Uit interviews blijkt dat er autobiografische elementen in het boek zitten. Uiteraard de woonplaats die J.V. gekozen heeft na zijn vertrek uit West-Vlaanderen. Maar belangrijker: ook hij heeft zijn moeder jong verloren en vreesde lange tijd ook jong te zullen sterven (vanwege erfelijke factoren) en vond het moeilijk te beslissen of hij dan wel kinderen wilde. Deze thema's komen voor in het boek, maar het verhaal gaat dieper.

Leon is een eenzaam jongetje. Veel aansluiting heeft hij niet op school, al raakt hij tenslotte bevriend met Bertrand, een vriendschap die zijn leven lang zal duren. Zijn moeder is vermoedelijk manisch-depressief, al wordt dat niet bij naam genoemd. Haar enorme dadendrang kan plotseling veranderen in een lusteloze periode die ze grotendeels in bed doorbrengt. In beide toestanden heeft ze geen oog voor Leon. Zijn vader kan niet goed omgaan met deze situatie en heeft het ook zwaar met de volcontinudienst. Als moeder opgetogen is, wil ze uit met vader die daarvoor eigenlijk te moe is.

Zo komt het dat Elsie (16 jaar) de vaste oppas wordt van Leon (7 jaar). Hij is dol op haar, ze ondernemen van alles, van samen kleuren tot verstoppertje spelen op de (verboden) zolder. Tot de dag waarop Elsie misstapt en door het zolderluik valt. Het kind weet niet wat te doen en blijft bij de bloedende en bewusteloze Elsie zitten tot na uren, 's avonds laat, zijn ouders thuiskomen. Opvallend is dat niemand oog heeft voor het trauma van het jongetje. Als hij later ook nog verneemt dat er misschien iets te redden was geweest als er meteen hulp was gehaald, is het logisch dat hij zich verantwoordelijk voelt voor de toestand van Elsie. Als enkele jaren later ook zijn moeder overlijdt, sluit Leon zich af voor alle andere mensen, behalve voor Elsie. Haar vertrouwt hij zijn gevoelens en emoties toe, ook al geeft ze nooit een teken dat ze hem verstaat of begrijpt. (Elsie verblijft in Home Windekind, een naam die ik bij toeval aantrof op een knus huis in Zeedorp...)

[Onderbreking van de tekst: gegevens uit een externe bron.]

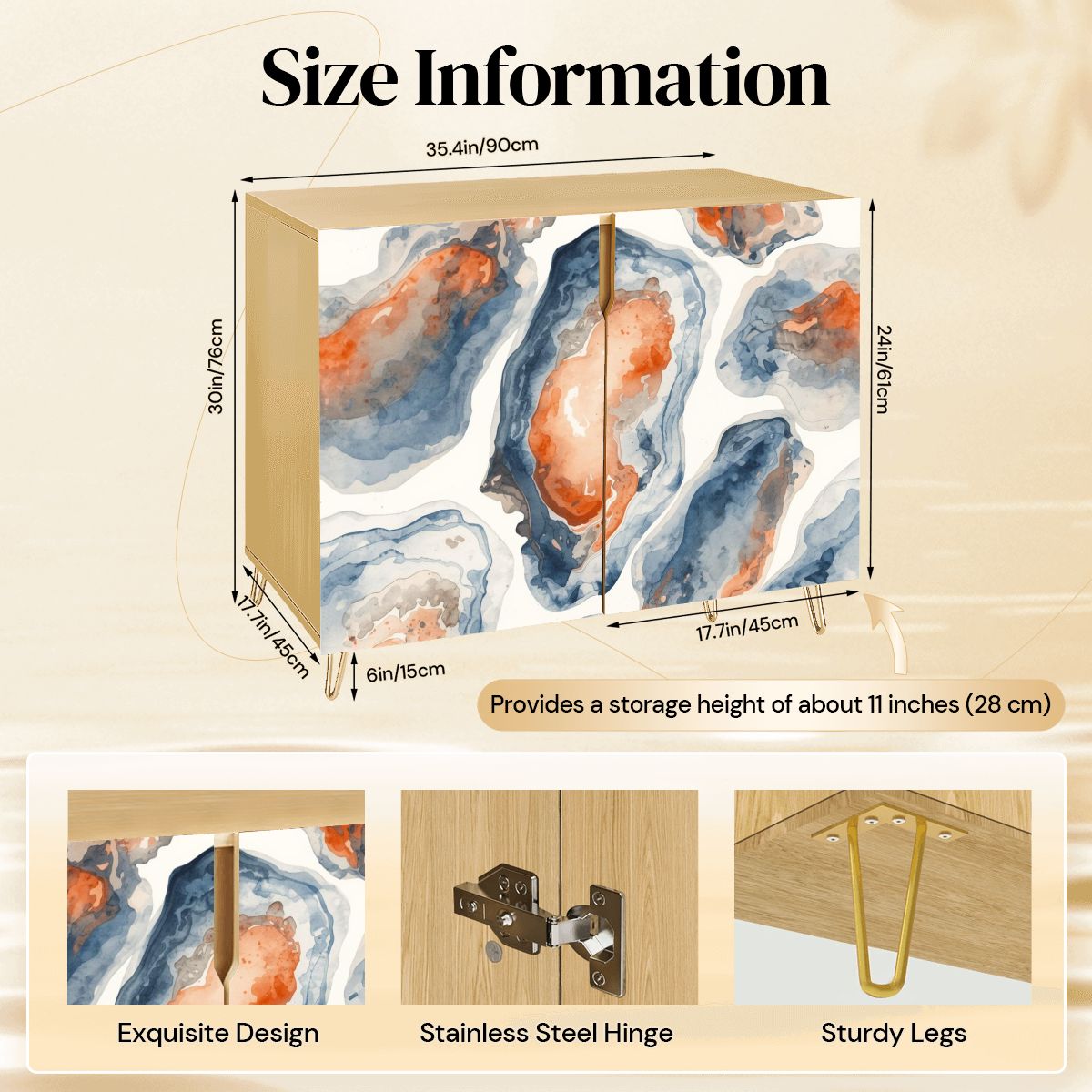 Blue Oyster Watercolor Modern Wooden Storage Cabinet - Splash of Color Co.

Alles wat er verder gebeurt in het boek is te verklaren als een gevolg van het traumatische ongeluk en de emotionele verwaarlozing van Leon. Ik heb De verzonken jongen nog niet gelezen, maar het zou zomaar ook de titel van dit boek geweest kunnen zijn. Zoals Elsie geen contact meer kan maken met haar omgeving, zit ook Leon opgesloten. Hij uit zich nooit, denkt veel, maar spreekt met niemand. Zelfs niet echt met zijn vriend Bertrand of Liliane, de vrouw waarop hij verliefd wordt. Ze weet zelfs niets van Elsie af.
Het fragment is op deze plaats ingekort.